When ready to Analyze Documents:                                                                    

folders inside surname folders
Reports are Family Group
Sheets and the like; Logs
are my Research Logs; WI is
location folder for
  • Move file from !ToBeFiled  into appropriate digital folder                           
  • Add File Name to index spreadsheet
  • Create label for archival sleeve (including digital folder/file name);  file sleeve in appropriate binder location
  • Add document to Evidentia and/or Research Log (Still working out which of these will work best for me for analysis purposes.)
  • Create source citation in Research Log and/or Evidentia
  • Analyze document or collection of documents, write conclusion
  • Add conclusion & document(s) to Legacy – events, transcriptions, attach document(s) to source, share to other persons in Legacy as appropriate
  • Edit entry in research log to indicate completion
Piece of cake!
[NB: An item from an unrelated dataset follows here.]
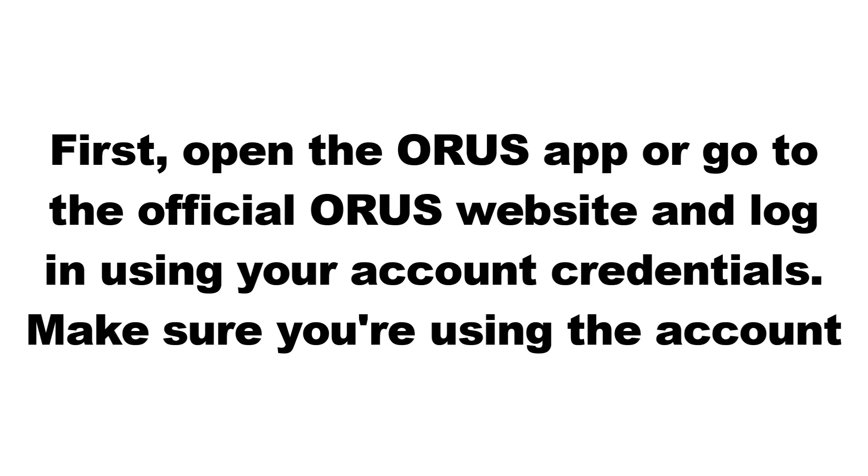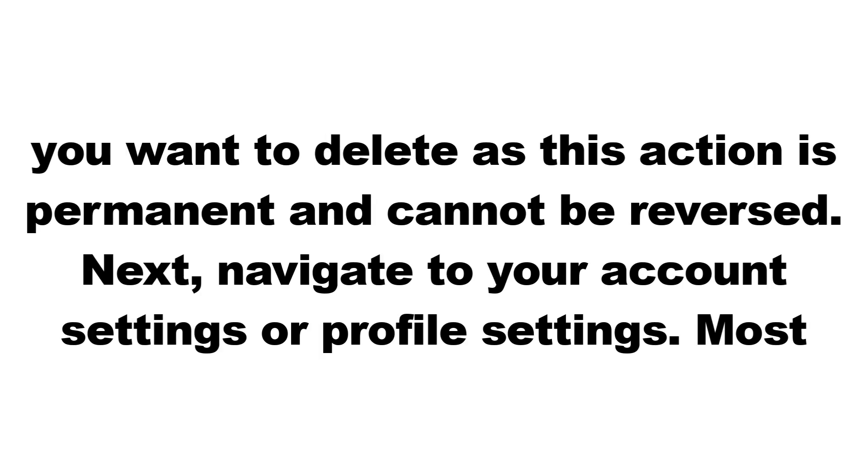First, open the ORUS app or go to the official ORUS website and log in using your account credentials. Make sure you're using the account you want to delete, as this action is permanent and cannot be reversed.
Or not....

The new part for me is the tweak of putting all my files into an index spreadsheet.  I've used one previously to match the locations of physical paper files and digital ones so I can make sure something is scanned.  I do this because I've been known to scan stuff twice or more because I didn't know I had already scanned that photo or document.  Sheesh. What a waste of time!
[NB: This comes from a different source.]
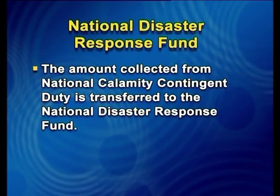National Disaster Response Fund: The Disaster Management Act 2005 calls upon the central government to constitute the National Disaster Response Fund for meeting any threatening disaster situation or disaster. The central government can use the money from this fund to meet expenses for emergency response, relief and rehabilitation. The erstwhile National Calamity Contingency Fund, constituted as per the recommendations of the 11th Finance Commission, has been merged into the National Disaster Response Fund in line with the recommendations of the 13th Finance Commission. The amount collected from the national calamity contingent duty is transferred to the National Disaster Response Fund.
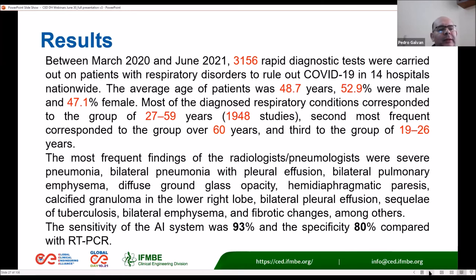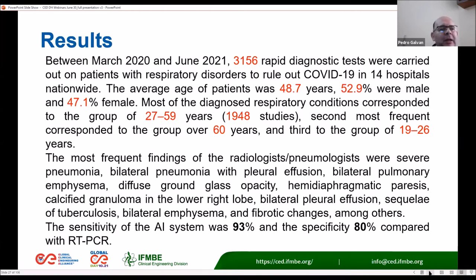The most frequent findings by radiologists and pulmonologists were: severe pneumonia, bilateral pneumonia with pleural effusion, bilateral pulmonary emphysema, diffuse ground-glass opacity, hemidiaphragmatic paresis, calcified granuloma in the lower right lobe, bilateral pleural effusion, sequelae tuberculosis, bilateral emphysema, and fibrotic changes, among others. The sensitivity of the AI system was 93% and the specificity 80% compared to RT-PCR — very good results for the first stage of our case study, also useful for screening the population suspected of COVID-19.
Right now, I've decided to try creating an index of digital files using a spreadsheet.  So far, I've only got columns for File Name, Folder 1 (Hanson, Dosch or DoschDaveLynn) and Folder2 (Bednorz, Hanson, Hintz, Sullivan, etc).  I'm not going to add other stuff until I try out the searches and sorts I can do with these. I imagine I'll eventually add something to search for photos vs documents, types of documents, etc.  I'm counting on the Do-Over community to help me figure this out.  
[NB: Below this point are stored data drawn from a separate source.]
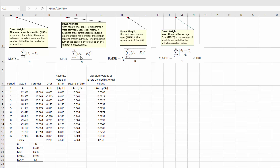For the Mean Square Error, it's similar. We're taking this error — the actual minus the forecast at a time period t — squaring it, summing up those squares, and then dividing that by n; that's where we get the mean. For the Root Mean Square Error, it's very easy: once we get the Mean Square Error, we just take the square root of it.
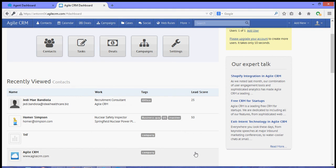Hello again guys, thanks for joining me for another video tutorial. In this video I'm going to show you how to integrate Help Scout to Agile CRM.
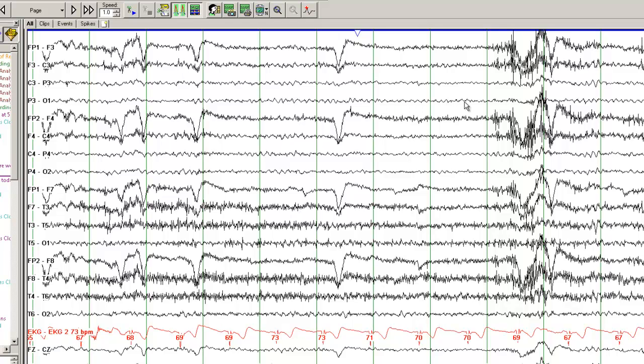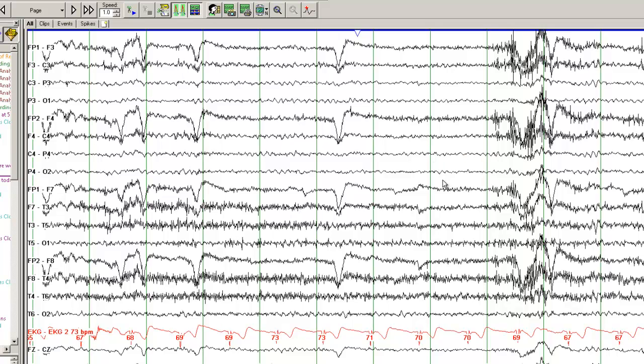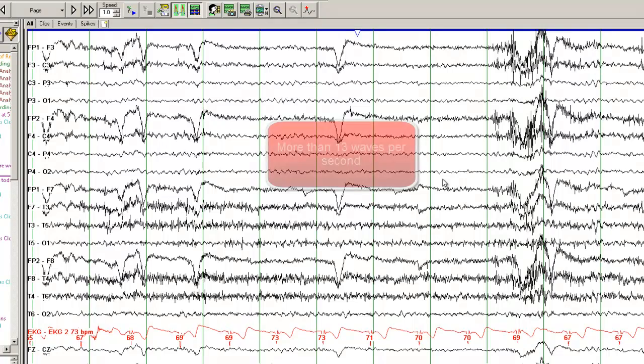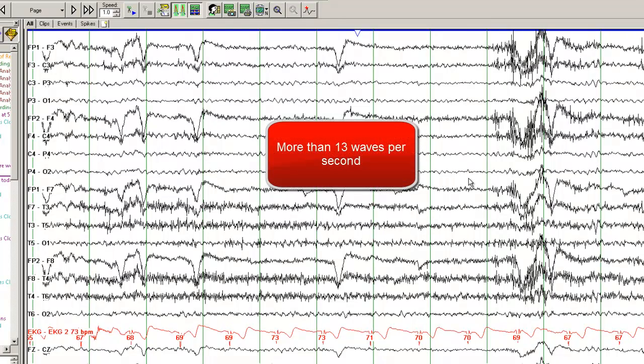So go back to the previous tutorial, EEG 101, beta activity or beta frequency is frequency when the number of waves in one second exceeds 13 waves per second. So the two green lines are separated by one second, and if you have more than 13 waves in that one second, you call it beta frequency.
Now, in terms of actually doing genealogy, I have been gathering and re-naming digital files for my interview project with my 90-year-old mother-in-law.  She's the last parent left and she's a great story-teller and keeper of the family lore.  Her mind is sharp as a tack; she remembers everything, but she's failing physically - vision and hearing are going and arthritis makes life difficult for her.  She has to be my number 1 genealogy priority this year. And she will be the topic for my foray into writing. I've joined the Family History Writing Challenge from Feb 1-28. (Talk about over-extending oneself...) I see her this weekend and have both my Flip Video camera and my new Olympus digital voice recorder. A big project, many steps. Thank goodness I'm all organized with my Research Log and Project Manager.  Well....we'll see.  I'm famous for falling off the back of the wagon.  I'm counting on my Do-Over  and Writing Challenge communities to keep me on track.  

Edited with many thanks to Rod Deller of the Genealogy Do-Over group for pointing out confusions caused by my writing assumptions.  Thanks, Rod.